More work on `downloadtweets`
Here's some work which I already did 3 days ago, but had not made into a PR before.
Yesterday I incorporated the newest stuff from timhutton/twitter-archive-parser/main into both timhutton/twitter-archive-parser/downloadtweets and lenaschimmel/twitter-archive-parser/downloadtweets because I thought that would make it easier to keep everything up to date and focus on the actual (non-merge) commits.
What's actually included
This is just more WIP on the download tweets feature:
- Error handling in
get_tweets- if it fails, return the tweets we already downloaded, plus the ids of tweets that are still missing - Add
mergemethod, which can basically merge all kinds of python values, but contains some special treatments for dicts representing tweets. This should make sure that if a tweet is contained in the archive, and we download that same tweet via the API, we can merge them without losing any information. - add helper method
has_pathwhich simplifies those chained checks that we have all over the code, like:if 'entities' in tweet and 'user_mentions' in tweet['entities'] and tweet['entities']['user_mentions'] is not None - save downloaded tweets into
known_tweets.json, and load them on next script execution, so that we don't reload the same tweets over and over again. - annotate downloaded tweets with attributes like
from_api,download_with_user,download_with_alt_textso thatcollect_tweet_referencescan make better decisions on what do re-download, and whether to follow references or not - improved merging and comparing of tweet JSON objects. Those are some really nasty data structures!

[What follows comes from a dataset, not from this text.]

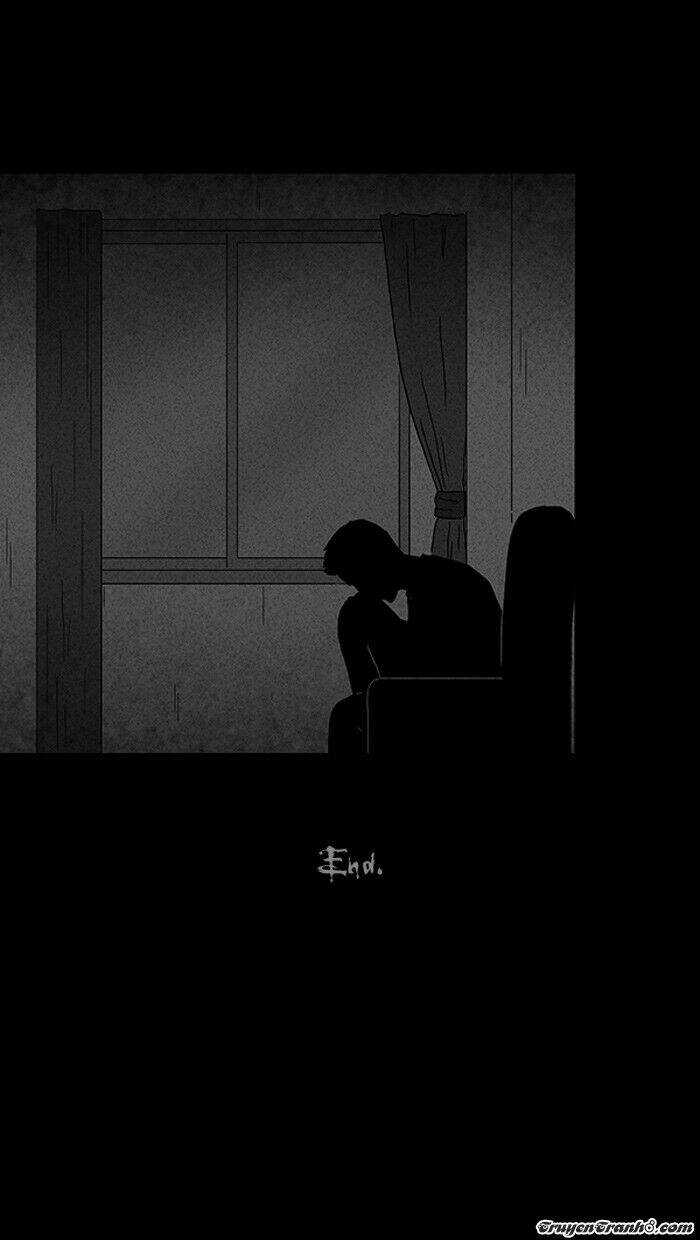 Dung Dịch Thẫm Mỹ - Chapter 11 - Trang 29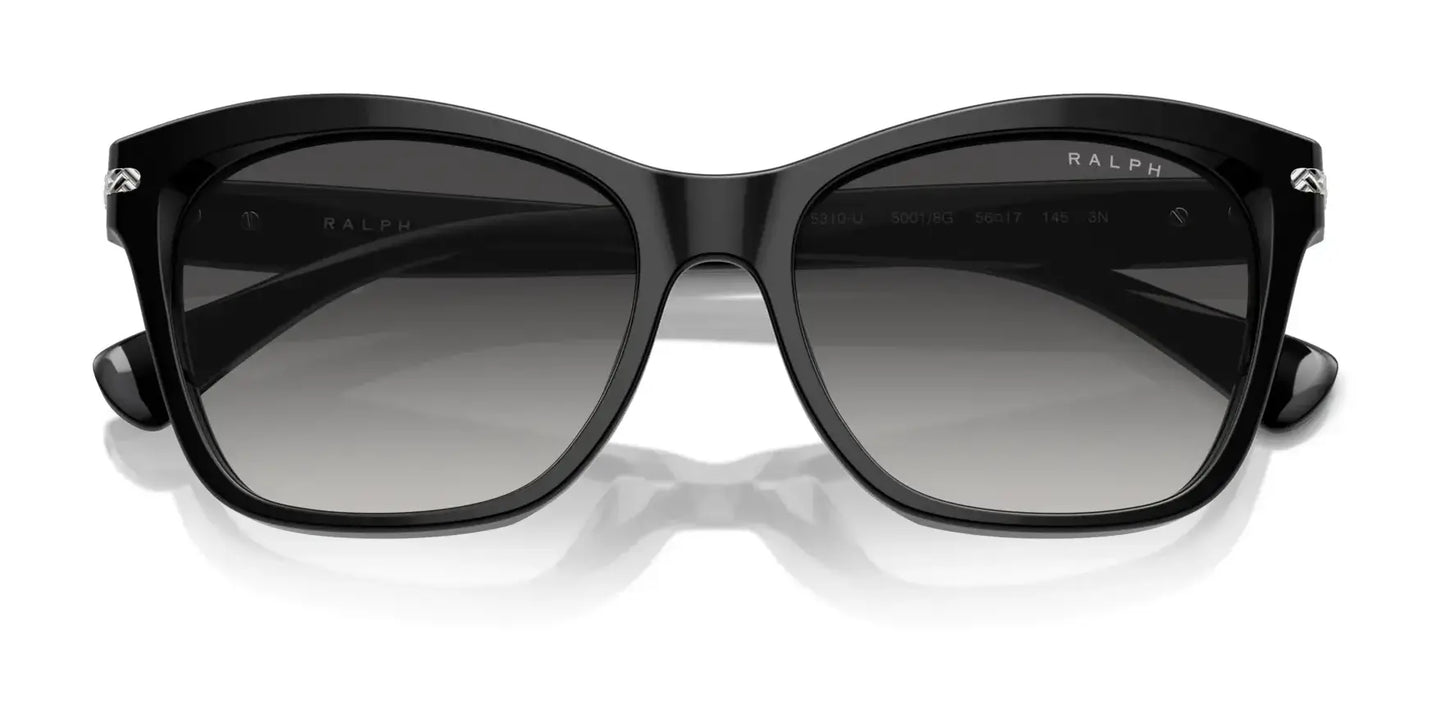 Ralph RA5310U Sunglasses | Size 56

The online diff view is no longer broken 🎉
Hi, any chance all this nice stuff gets integrated? Thanks!
@slorquet I think this is still work in progress so can't be merged yet?
@lenaschimmel are you still working on this? Can you rebase it, so it's easier to review? I'd like to get as much out of the sinking blue ship as possible :-)
@Sjors I'm not really working on that branch, or twitter-archive-parser, any more since mid December 22. I've since deleted my own twitter* account, so I don't have much motivation to continue, and it's harder to test. And even if I really wanted to, I currently don't have any time to continue working on it.
Until then, I focused on the weirdly-named branch lenaschimmel:archivemode, which already includes all commits from downloadtweets. I'd say the archivemode branch is in rather good shape now, and can be used and/or merged. It is also up-to-date with timhutton:main so it could even be fast-forwarded. But I don't know if @timhutton wants to go into that direction.
* To be precise, I deleted my main twitter account. I still have some secondary ones lying around, but with much less content, thus less edge cases that are interesting for testing new code
@lenaschimmel Would you like to document the fact that the other branch is more worthy of being merged by closing/drafting this one, and opening a new PR?
This little step could also make it easier for third-parties, like me, to discover your work and rely on it instead, in case @timhutton would not be available for further deliberation.